La desesperación de los habitantes de San Pedro Atlapulco, en el municipio de Ocoyoacac, Estado de México, estalló este lunes luego de que comuneros retuvieran e incendiaron tres camionetas presuntamente utilizadas por talamontes para extraer madera de manera ilegal en la zona boscosa de La Marquesa. La acción derivó en el cierre total de la carretera libre México-Toluca durante varias horas.
De acuerdo con los pobladores, los hechos comenzaron al mediodía, cuando un grupo de vecinos sorprendió a presuntos saqueadores de madera cargando troncos en al menos seis camionetas tipo pick up en uno de los parajes cercanos a La Marquesa. Al verse descubiertos, los individuos escaparon en tres vehículos, mientras otras tres unidades quedaron abandonadas en el lugar.
Los comuneros aseguraron que solicitaron apoyo a las autoridades para detener a los responsables y dar seguimiento a los vehículos involucrados; sin embargo, denuncian que nunca recibieron respuesta. Ante lo que consideran años de abandono institucional y una creciente devastación forestal, decidieron trasladar las camionetas retenidas hasta la carretera libre México-Toluca, donde les prendieron fuego como forma de protesta.

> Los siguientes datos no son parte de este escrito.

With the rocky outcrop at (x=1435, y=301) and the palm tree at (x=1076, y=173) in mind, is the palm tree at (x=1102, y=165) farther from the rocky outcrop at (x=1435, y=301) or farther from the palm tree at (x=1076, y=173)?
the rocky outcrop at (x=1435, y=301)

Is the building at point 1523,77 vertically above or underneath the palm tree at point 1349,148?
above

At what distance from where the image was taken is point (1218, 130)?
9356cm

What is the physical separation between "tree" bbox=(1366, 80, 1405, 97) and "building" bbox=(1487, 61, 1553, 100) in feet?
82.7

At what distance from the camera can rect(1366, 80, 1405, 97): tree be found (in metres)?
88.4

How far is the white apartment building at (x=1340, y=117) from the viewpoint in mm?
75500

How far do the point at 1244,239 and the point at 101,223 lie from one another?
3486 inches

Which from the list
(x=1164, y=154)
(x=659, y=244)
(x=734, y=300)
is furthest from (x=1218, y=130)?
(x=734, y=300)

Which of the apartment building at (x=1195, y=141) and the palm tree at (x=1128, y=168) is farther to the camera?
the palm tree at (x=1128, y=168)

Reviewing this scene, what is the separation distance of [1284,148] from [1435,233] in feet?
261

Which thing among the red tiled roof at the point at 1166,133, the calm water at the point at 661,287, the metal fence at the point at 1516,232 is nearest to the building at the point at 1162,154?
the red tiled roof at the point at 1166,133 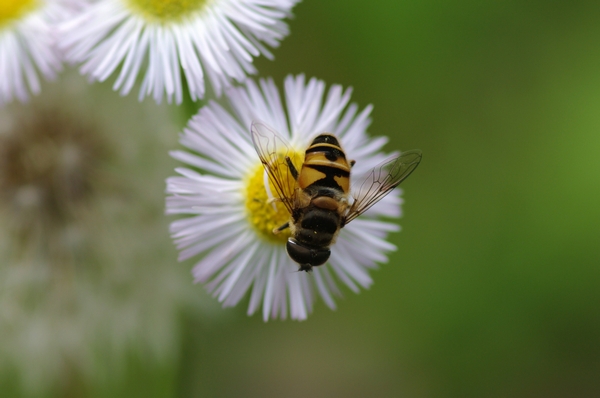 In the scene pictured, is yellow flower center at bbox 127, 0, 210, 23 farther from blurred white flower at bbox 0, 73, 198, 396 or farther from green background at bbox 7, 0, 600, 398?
green background at bbox 7, 0, 600, 398

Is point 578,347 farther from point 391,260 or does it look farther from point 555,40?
point 555,40

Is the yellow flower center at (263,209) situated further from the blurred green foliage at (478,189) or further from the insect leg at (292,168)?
the blurred green foliage at (478,189)

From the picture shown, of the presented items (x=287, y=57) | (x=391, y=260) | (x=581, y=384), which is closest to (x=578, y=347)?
(x=581, y=384)

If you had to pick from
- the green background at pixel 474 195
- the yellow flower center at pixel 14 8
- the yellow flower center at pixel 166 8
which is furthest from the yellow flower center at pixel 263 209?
the green background at pixel 474 195

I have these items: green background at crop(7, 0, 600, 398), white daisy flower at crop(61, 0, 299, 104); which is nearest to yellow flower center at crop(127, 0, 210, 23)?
white daisy flower at crop(61, 0, 299, 104)

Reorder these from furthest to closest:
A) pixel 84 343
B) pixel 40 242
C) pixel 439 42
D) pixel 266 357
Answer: pixel 266 357
pixel 439 42
pixel 84 343
pixel 40 242

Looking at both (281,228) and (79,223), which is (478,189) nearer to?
(281,228)

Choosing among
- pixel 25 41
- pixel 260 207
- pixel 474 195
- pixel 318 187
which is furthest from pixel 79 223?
pixel 474 195
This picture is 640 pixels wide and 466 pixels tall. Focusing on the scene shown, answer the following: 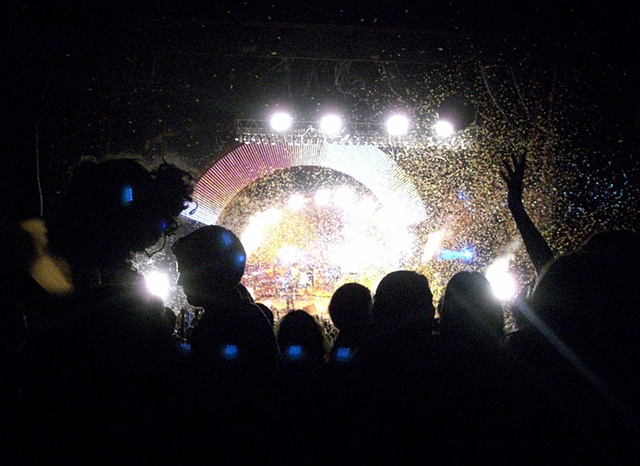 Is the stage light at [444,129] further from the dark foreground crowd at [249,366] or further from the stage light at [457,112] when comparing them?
the dark foreground crowd at [249,366]

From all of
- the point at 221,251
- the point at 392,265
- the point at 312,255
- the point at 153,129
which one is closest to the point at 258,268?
the point at 312,255

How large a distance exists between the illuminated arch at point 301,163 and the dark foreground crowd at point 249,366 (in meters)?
5.15

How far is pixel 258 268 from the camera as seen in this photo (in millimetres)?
13406

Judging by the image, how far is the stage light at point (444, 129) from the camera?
489 cm

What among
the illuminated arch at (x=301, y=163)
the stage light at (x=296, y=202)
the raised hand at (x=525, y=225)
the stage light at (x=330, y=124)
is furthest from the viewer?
the stage light at (x=296, y=202)

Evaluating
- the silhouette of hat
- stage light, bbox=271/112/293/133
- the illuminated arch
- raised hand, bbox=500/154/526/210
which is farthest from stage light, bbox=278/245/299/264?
the silhouette of hat

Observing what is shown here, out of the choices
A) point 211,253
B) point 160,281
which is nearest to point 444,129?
point 211,253

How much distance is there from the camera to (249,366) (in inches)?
61.8

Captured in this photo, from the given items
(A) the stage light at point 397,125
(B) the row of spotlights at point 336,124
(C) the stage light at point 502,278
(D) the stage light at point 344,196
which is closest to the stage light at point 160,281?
(B) the row of spotlights at point 336,124

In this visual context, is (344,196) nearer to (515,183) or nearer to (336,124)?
(336,124)

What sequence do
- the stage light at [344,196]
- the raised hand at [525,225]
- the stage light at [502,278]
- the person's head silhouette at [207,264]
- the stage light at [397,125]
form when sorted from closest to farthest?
the person's head silhouette at [207,264], the raised hand at [525,225], the stage light at [397,125], the stage light at [502,278], the stage light at [344,196]

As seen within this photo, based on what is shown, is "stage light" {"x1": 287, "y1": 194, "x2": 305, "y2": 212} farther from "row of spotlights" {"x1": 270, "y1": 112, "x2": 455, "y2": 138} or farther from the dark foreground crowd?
the dark foreground crowd

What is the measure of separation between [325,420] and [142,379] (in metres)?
0.72

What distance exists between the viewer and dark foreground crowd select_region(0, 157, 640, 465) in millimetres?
968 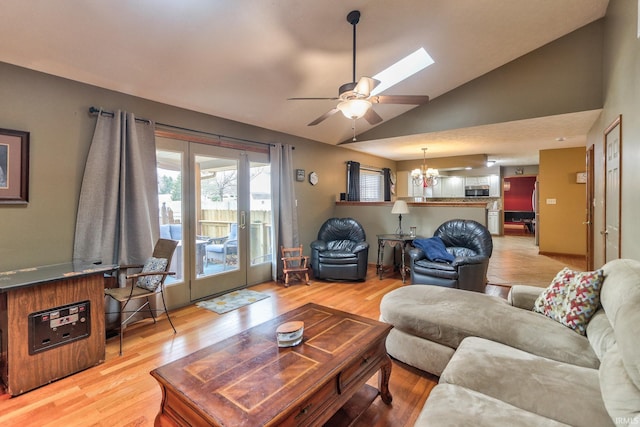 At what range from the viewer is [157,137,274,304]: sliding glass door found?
3676 millimetres

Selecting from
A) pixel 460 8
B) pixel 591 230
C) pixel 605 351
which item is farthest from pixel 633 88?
pixel 591 230

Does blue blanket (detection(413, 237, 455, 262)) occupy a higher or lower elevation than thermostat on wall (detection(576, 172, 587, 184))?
lower

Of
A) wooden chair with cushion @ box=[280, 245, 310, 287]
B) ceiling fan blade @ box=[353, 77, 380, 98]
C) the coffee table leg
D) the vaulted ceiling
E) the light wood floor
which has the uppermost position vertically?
the vaulted ceiling

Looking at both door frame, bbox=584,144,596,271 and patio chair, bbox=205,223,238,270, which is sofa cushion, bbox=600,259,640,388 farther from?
patio chair, bbox=205,223,238,270

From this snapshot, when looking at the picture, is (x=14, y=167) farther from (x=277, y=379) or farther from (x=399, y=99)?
(x=399, y=99)

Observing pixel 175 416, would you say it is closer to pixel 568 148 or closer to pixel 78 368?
pixel 78 368

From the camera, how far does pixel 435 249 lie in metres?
4.18

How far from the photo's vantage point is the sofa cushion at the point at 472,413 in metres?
1.17

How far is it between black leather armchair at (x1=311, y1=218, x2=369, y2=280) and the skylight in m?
2.25

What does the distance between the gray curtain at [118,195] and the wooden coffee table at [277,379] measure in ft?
6.63

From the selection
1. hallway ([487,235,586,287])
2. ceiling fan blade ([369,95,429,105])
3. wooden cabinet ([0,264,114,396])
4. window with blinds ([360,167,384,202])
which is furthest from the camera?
window with blinds ([360,167,384,202])

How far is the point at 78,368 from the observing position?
235cm

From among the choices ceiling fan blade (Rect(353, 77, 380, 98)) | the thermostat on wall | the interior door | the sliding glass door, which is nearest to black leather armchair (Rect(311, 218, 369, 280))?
the sliding glass door

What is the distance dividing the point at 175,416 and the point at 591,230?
578cm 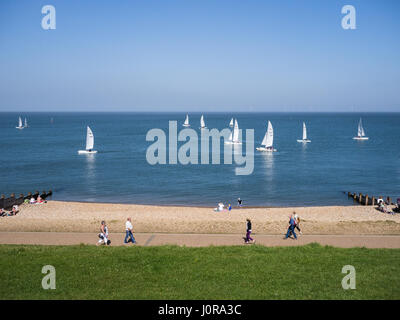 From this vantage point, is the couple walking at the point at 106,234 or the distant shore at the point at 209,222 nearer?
the couple walking at the point at 106,234

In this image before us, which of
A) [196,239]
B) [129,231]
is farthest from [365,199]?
[129,231]

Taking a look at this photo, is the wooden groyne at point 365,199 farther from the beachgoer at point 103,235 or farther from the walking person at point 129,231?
the beachgoer at point 103,235

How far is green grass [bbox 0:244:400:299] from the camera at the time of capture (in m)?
12.8

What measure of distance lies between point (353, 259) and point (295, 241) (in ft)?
16.3

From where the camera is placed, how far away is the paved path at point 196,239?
20.7m

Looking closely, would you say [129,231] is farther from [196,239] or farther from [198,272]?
[198,272]

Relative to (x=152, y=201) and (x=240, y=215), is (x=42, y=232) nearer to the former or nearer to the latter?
(x=240, y=215)

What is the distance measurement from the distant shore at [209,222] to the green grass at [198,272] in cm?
673

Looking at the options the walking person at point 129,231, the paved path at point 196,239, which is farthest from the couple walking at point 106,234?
the paved path at point 196,239

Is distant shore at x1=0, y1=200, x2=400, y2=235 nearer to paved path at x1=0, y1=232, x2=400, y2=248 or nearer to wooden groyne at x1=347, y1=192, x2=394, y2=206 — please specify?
paved path at x1=0, y1=232, x2=400, y2=248

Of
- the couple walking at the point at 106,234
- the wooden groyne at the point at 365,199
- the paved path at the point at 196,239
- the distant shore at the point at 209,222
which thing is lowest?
the wooden groyne at the point at 365,199

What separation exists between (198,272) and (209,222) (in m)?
13.0

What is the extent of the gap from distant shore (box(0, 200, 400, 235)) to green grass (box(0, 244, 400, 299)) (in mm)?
6734

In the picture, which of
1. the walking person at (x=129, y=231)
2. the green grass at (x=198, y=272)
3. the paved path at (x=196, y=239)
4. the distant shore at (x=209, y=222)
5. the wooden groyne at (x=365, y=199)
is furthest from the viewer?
the wooden groyne at (x=365, y=199)
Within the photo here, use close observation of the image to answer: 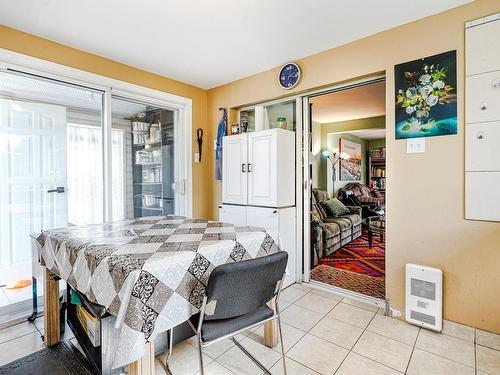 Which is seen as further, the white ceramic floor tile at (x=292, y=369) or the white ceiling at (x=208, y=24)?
the white ceiling at (x=208, y=24)

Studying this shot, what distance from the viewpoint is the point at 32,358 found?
1818 millimetres

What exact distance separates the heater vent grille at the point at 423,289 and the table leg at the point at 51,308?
2.70m

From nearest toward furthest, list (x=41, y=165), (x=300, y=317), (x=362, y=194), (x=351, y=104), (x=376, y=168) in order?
(x=300, y=317) → (x=41, y=165) → (x=351, y=104) → (x=362, y=194) → (x=376, y=168)

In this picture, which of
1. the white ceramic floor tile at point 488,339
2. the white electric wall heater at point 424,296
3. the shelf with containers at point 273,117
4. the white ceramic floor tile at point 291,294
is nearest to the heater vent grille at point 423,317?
the white electric wall heater at point 424,296

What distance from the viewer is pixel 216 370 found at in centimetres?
170

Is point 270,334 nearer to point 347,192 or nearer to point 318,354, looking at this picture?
point 318,354

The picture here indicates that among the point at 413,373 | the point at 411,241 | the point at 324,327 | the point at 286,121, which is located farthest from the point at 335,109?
the point at 413,373

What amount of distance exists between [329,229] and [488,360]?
2338mm

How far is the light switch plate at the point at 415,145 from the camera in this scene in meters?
2.21

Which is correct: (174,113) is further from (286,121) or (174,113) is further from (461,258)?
(461,258)

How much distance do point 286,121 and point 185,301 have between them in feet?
8.19

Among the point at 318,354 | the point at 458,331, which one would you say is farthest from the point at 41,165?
the point at 458,331

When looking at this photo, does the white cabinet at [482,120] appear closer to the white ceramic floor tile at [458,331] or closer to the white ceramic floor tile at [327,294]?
the white ceramic floor tile at [458,331]

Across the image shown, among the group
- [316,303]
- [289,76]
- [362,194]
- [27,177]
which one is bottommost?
[316,303]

El incendio de las unidades obligó a cerrar la circulación en ambos sentidos desde las 18:30 horas, generando afectaciones para cientos de automovilistas. Hasta entrada la noche, las autoridades esperaban la llegada de grúas para retirar los restos calcinados de los vehículos a la altura de la zona conocida como El Zarco, mientras el tránsito permanecía paralizado.
Los habitantes de Atlapulco sostienen que la tala ilegal ha destruido ya decenas de hectáreas del bosque sin que exista una estrategia efectiva para detenerla. La situación no es nueva: apenas la semana pasada, comunidades de Huixquilucan también bloquearon esta misma vía para exigir acciones contra los grupos que operan con impunidad en La Marquesa y en el llamado Bosque de Agua, una de las principales reservas naturales que abastecen de recursos hídricos al Valle de México.
La quema de las camionetas refleja el hartazgo de comunidades que observan cómo desaparecen sus bosques mientras las autoridades parecen llegar siempre tarde, o simplemente no llegar. Cuando la protección ambiental queda en el abandono, son los propios pobladores quienes terminan enfrentando un problema que debería ser atendido por el Estado.